Wipe the Record Clean
So then, we have overlooked the offense or addressed it. We have thrust another’s sin behind us, or we have done the hard, awkward, but beautiful work of talking and repairing the relationship. Now all that remains is forgiveness — or what Paul describes elsewhere as wiping the record clean.
“Love . . . is not irritable or resentful,” Paul says (1 Corinthians 13:4–5). More literally, love “keeps no record of wrongs” (NIV). No doubt, love sees wrongs, feels wrongs, and sometimes can’t help but remember wrongs on some level. But in the file cabinet of the mind, love has no folder labeled “Wrongs.” Love does not engrave offenses in its records or keep careful track of sins. And even when the memories of such moments return, love says, “I have no place for you here.”
When we forgive, we look at a brother or sister and say (usually just in our heart), “I’m not going to count that against you. I’m not going to hold on to it or remind you of it. I’m not going to make that offense the lens through which I see you from now on. I’m not going to treat you worse because of it. I refuse to indulge any passive or active ways of getting you back. I wipe the record clean.”

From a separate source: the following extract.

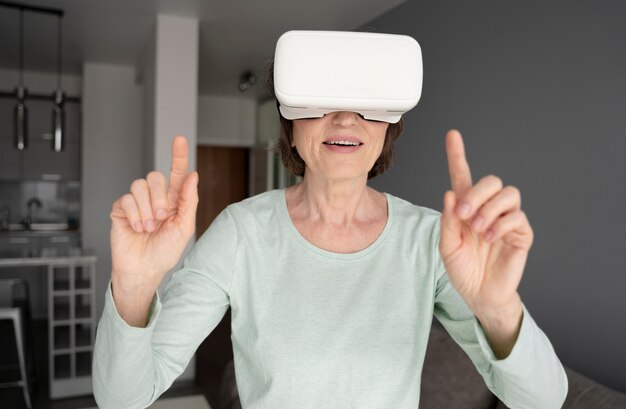 Medium shot woman with vr glasses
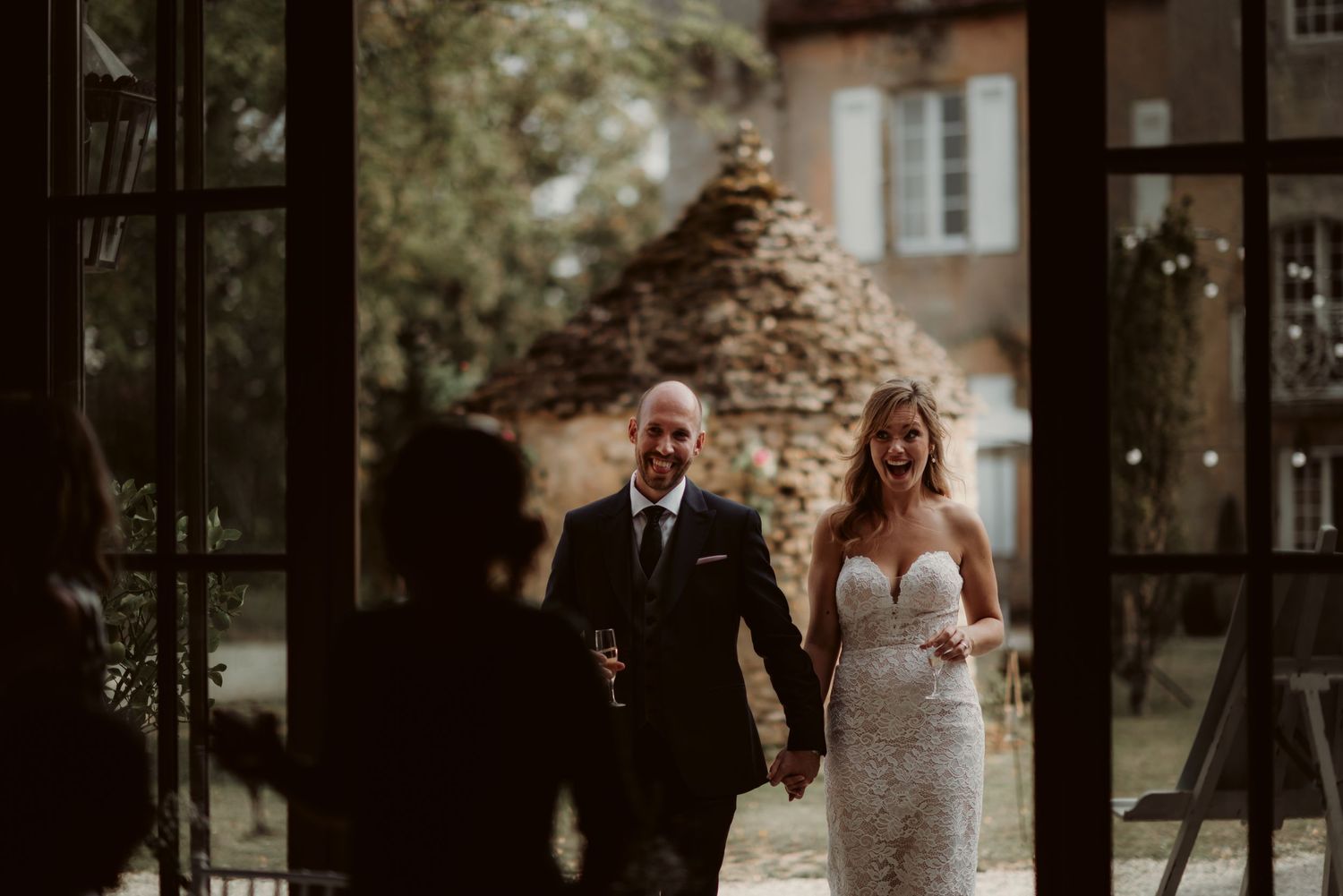 Wedding celebration in a charming French countryside estate with stone architecture.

We may need to make such resolves more than once, especially when the wound runs deep. And of course, some sins rightly remove trust from a relationship (at least for a time). But our local churches depend on such kind, merciful, forgiving love — and even the healthiest of churches give ample opportunity for practicing it.
So, when your brother offends you, steady your heart. Discern whether to overlook or address. And then resolve before God to wipe the record clean. The Lord who wiped your own record clean is ready and so willing to help.